— Task description —
Below are some records; repeat them all exactly, minus the pictures.

[Entries taken from a collection]
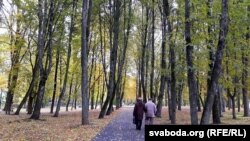 Ліпавая алея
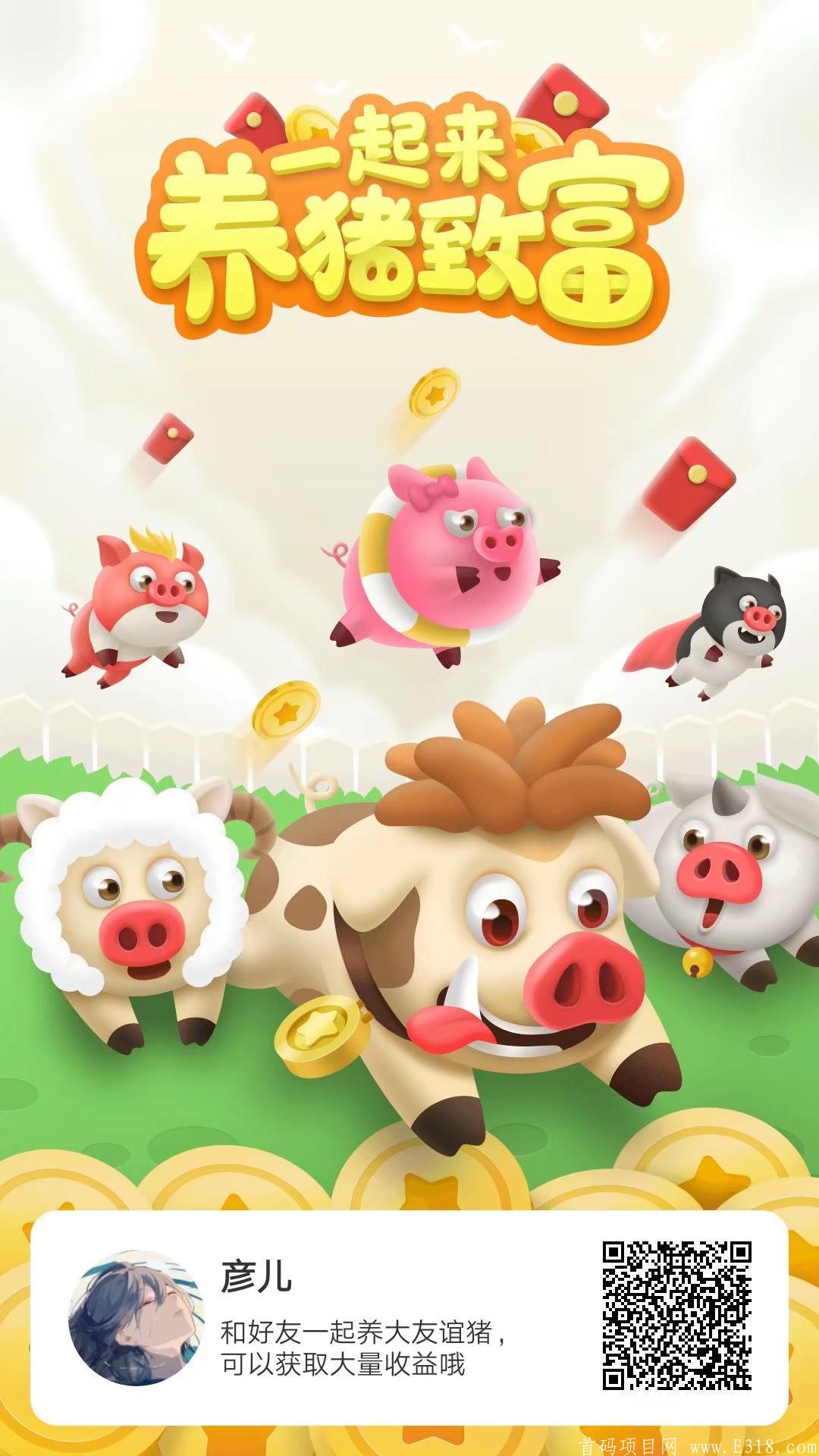 养猪，是今年收益最稳，最暴力的项目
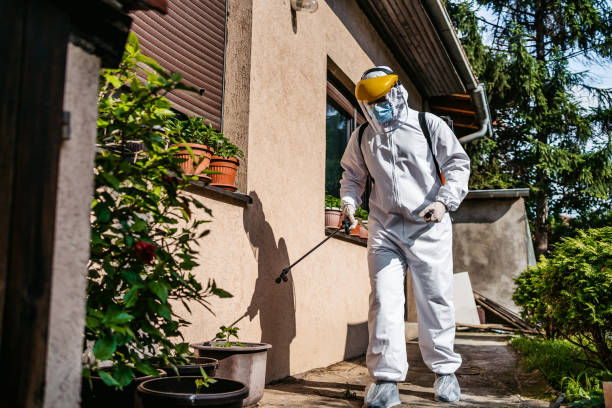 Best Best Pest Control Companies  in Morgan Hill, PA
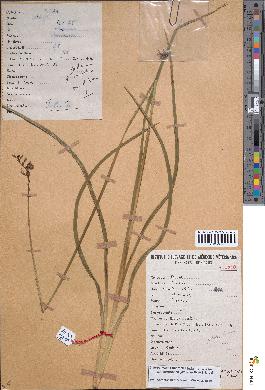 spécimen de Chlorophytum cameronii
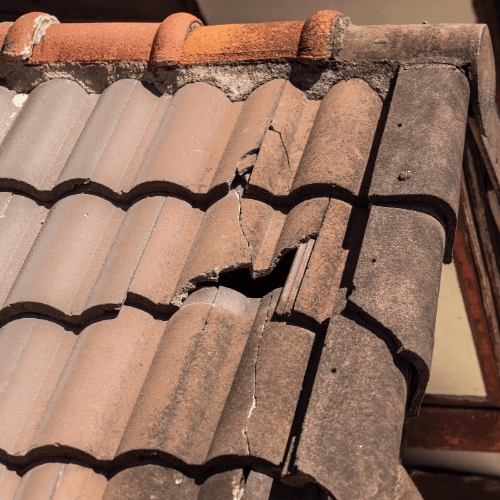 Pourquoi rénover ou entretenir votre toiture ?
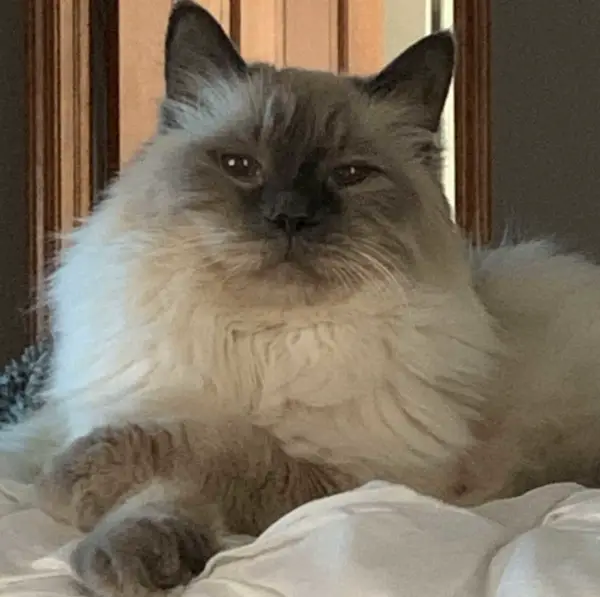Romeo cross-pawed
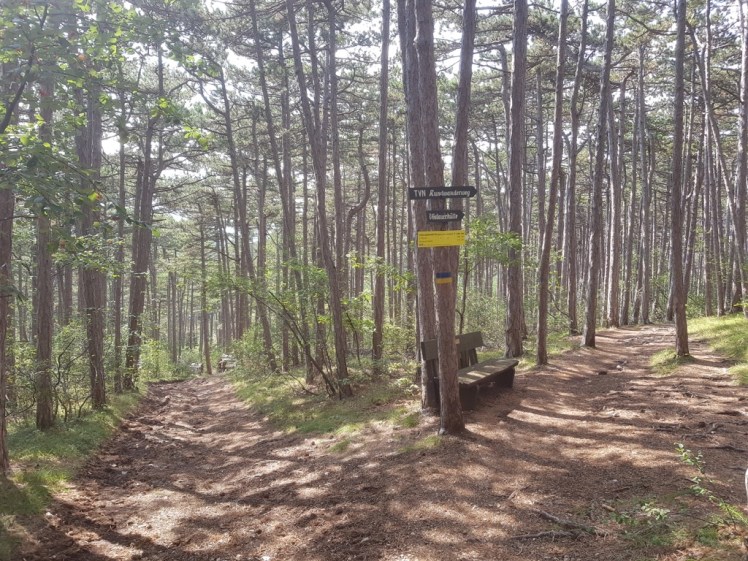 21 Wegkreuzung zur Vöslauerhütte 2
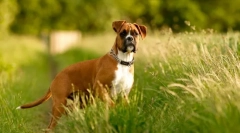 Dog boxer (fotografija): morje prijaznosti pod strašnim videzom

— Task answer —
 Ліпавая алея
 养猪，是今年收益最稳，最暴力的项目
 Best Best Pest Control Companies  in Morgan Hill, PA
 spécimen de Chlorophytum cameronii
 Pourquoi rénover ou entretenir votre toiture ?
Romeo cross-pawed
 21 Wegkreuzung zur Vöslauerhütte 2
 Dog boxer (fotografija): morje prijaznosti pod strašnim videzom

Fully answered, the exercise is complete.